At the same time, the relevance of the binary sentiment analysis models is
starting to reach its limits for many users, who henceforth need more insight
into how human emotions and intentions are expressed linguistically in the decision-making
process. And multilingual text data modelling continues to raise barriers for
global players, either due to the inherent structure of languages or to a lack
of reach.
Here are four takeaways that we shall explore further in
future blogs:
The future of market research:
one of the biggest users of text analytics is the Market Research industry (worth
$61.45B globally) and currently morphing into a digital player by adopting new technologies
of automated listening, mining and engaging. For MR, the future will involve among other phenomena a billion new Chinese tourists (think language, travel tech,
tourist infrastructures, and communication generally) – an extraordinary opportunity
for almost any business in Europe if they know how to address the challenge.
Getting Down to Semantics: The market opportunity for text analytics covers at least two
very different families of data: business-generated
text such as that provided by publishers, and every other customer-facing
enterprise. And user-generated data,
often sourced in social media and customer reviews.
Havas Media showed how they can now classify customer
generated data into one of the four stages of the “customer decision journey” on
the basis of linguistic cues, with a success rate of some 74%. This allows them
to automate the classification of short consumer messages and thereby vitally inform retailers and others about the crucial decision process those customers go through.
On the business content production side, Elsevier demonstrated how
they use proprietary semantic technology – known as a Fingerprint Engine - to
enrich existing text from authors, patents, and increasingly foreign language
data so that specialised STM searches can be apply concepts rather than words
alone. This can enable a science author,
for example, to find exactly the right journal that matches his research specialty.

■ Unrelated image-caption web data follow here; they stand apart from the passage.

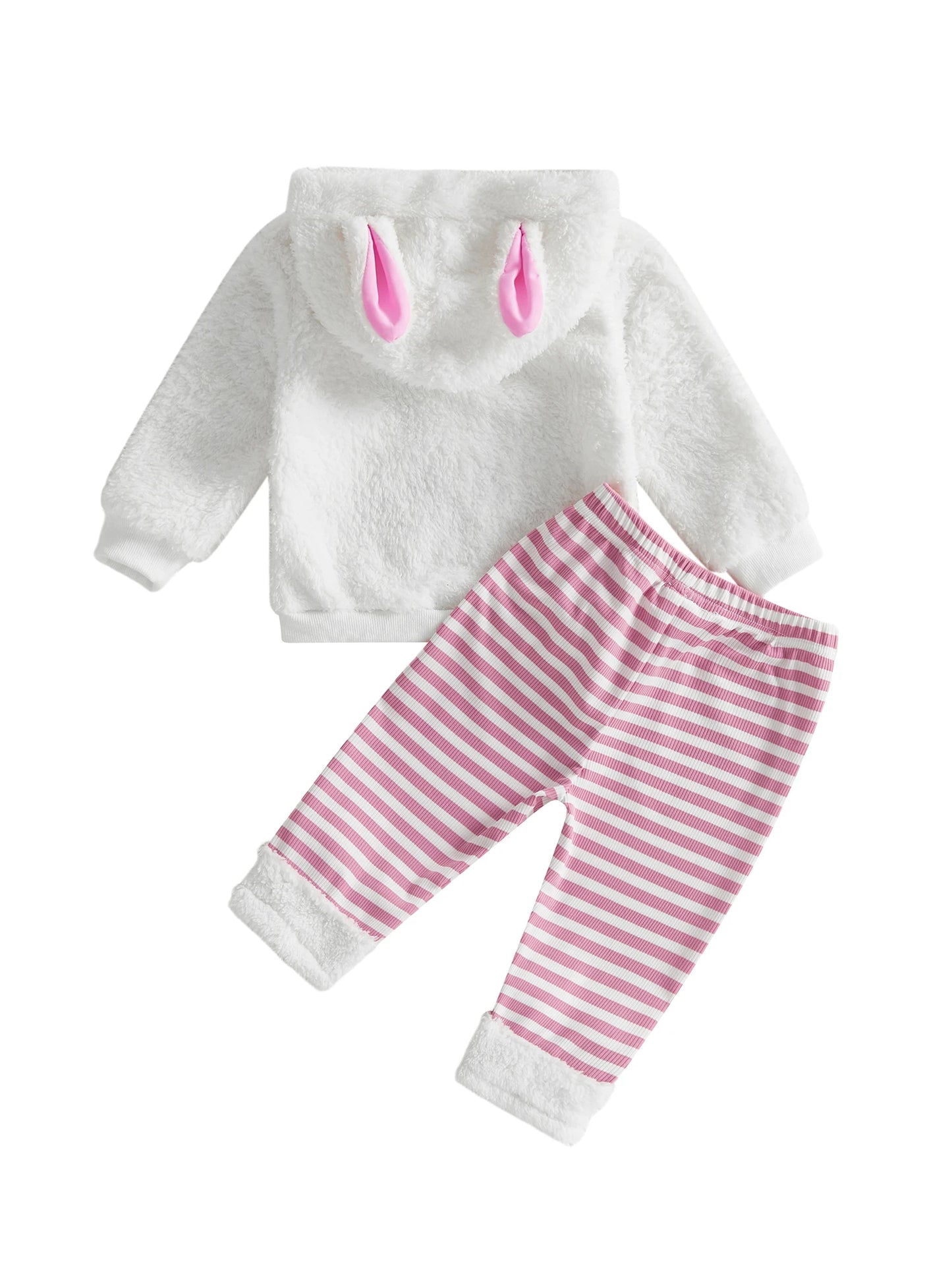 Spring Easter Kids Toddler Girl Outfit Long Sleeve Hooded Rabbit Embroidery Sweatshirt Striped Pants Clothes Set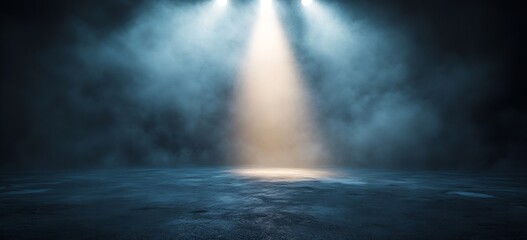Aufkleber - Dramatic Spotlight Illuminating Dark Stage with Smoke and Texture Background for Performance Art and Theatrical Events : Generative AI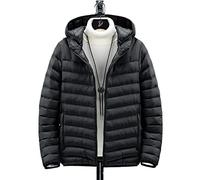 HJUGHPN Chaqueta acolchada para hombre, ropa informal con capucha, abrigo de otoño e invierno, parka cortavientos para hombre (Schwarz, 4XL)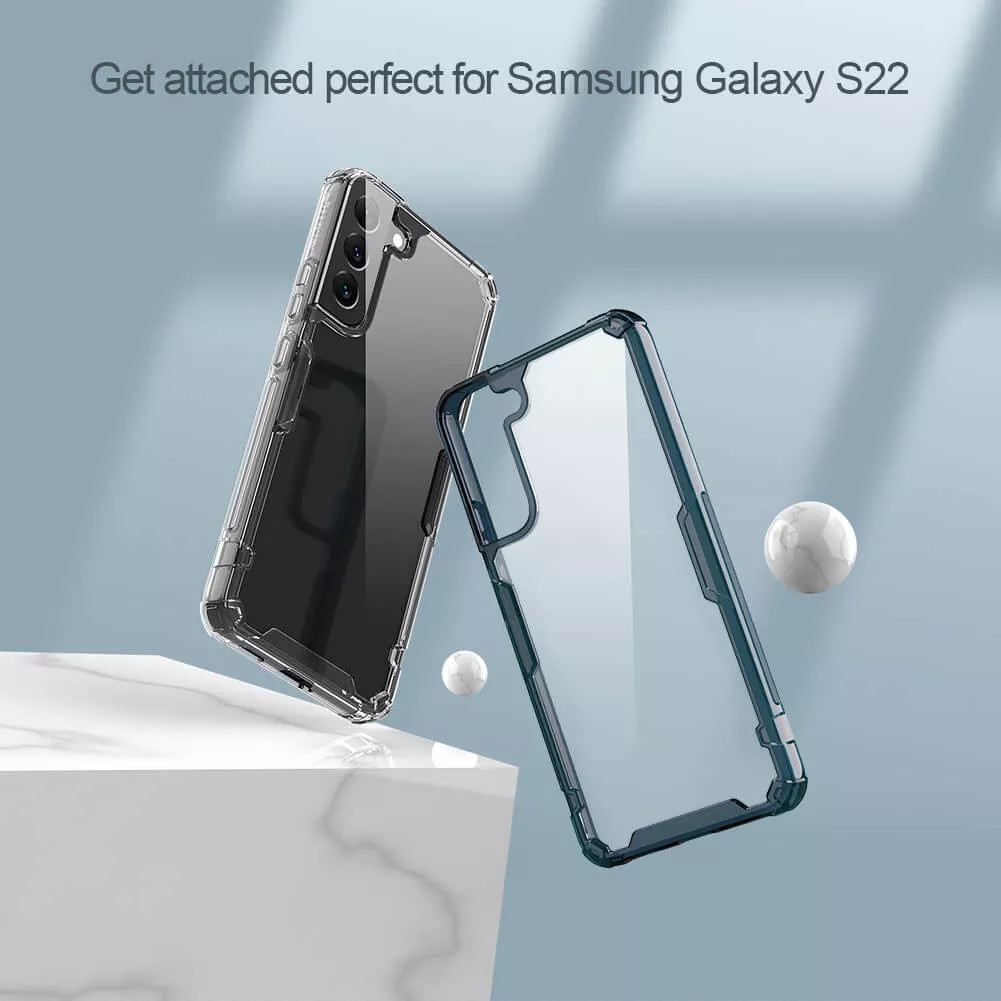 Ốp lưng silicon dẻo trong suốt cho Samsung Galaxy S22 hiệu Nillkin Nature Pro
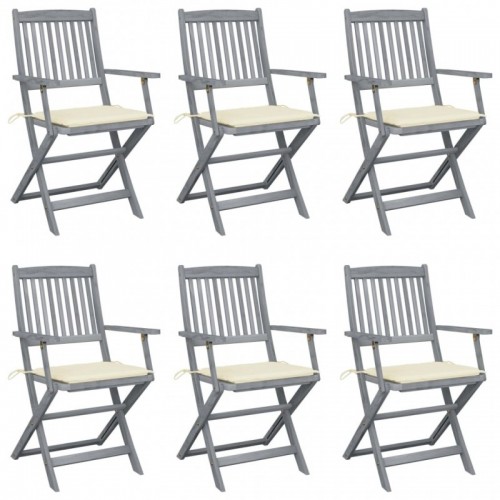 6 db összecsukható tömör akácfa kültéri szék párnákkal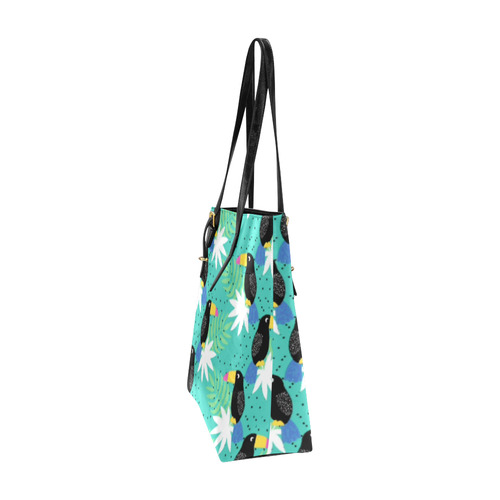 Glitter Toucans Tropical Leaves Euramerican Tote Bag/Small (Model 1655)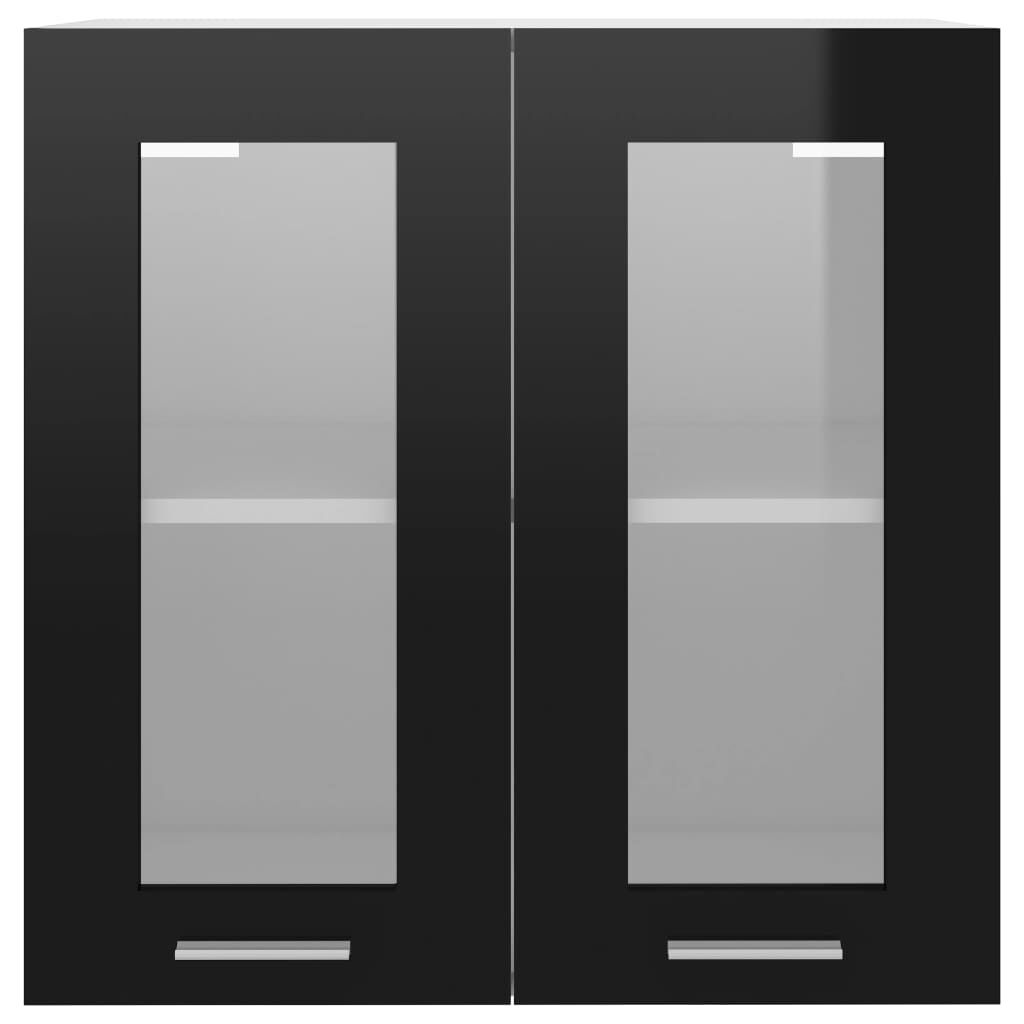vidaXL Ντουλάπι Κρεμαστό με Τζάμι Lyon Μαύρο 60x31x60εκ. από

We shall come back in a later blog to other semantic
solutions in this space.
Generation A to Z: The most unexpected data point in the whole event might well
have been the claim by Robert Dale (Arria) that “by 2020, more texts in the
world will be produced by machine than by humans.” Three European content generation
tech suppliers (Data2Content, Yseop, and Arria) addressed the apparently massive
market for automatically generating content from
data, rather than about data. The challenges here are to understand data as information
(which is where semantics comes in) and then to turn that information into a
narrative that tells a story. In a sense, therefore, what natural language generation
will be able to do is take the results of data analytics – i.e. data – and use language
technology solutions to turn it into content that humans (and also machines
presumably) want to read. Watch this space!
Relevant Data is not
always Big: Although we were treated to some large numerical data points
during the conference - IBM recorded 53 million social media posts during the
64 games of the Brazil World Cup this year and a 50-agent speech contact centre
can generate about 11Tb of voice recordings a year – the oil company Total told
a story about small data. It highlighted the extremely practical virtues of smart search, analysis and
presentation of smallish sets of highly relevant data from a corpus on oil-well safety-standard
issues. This showed how you can mine value from text data to optimise knowledge
sharing within a business. And it demonstrated that in many cases business clients
will want to tailor the solution to their own needs. A useful lesson in how to market
certain kinds of text analytics solutions!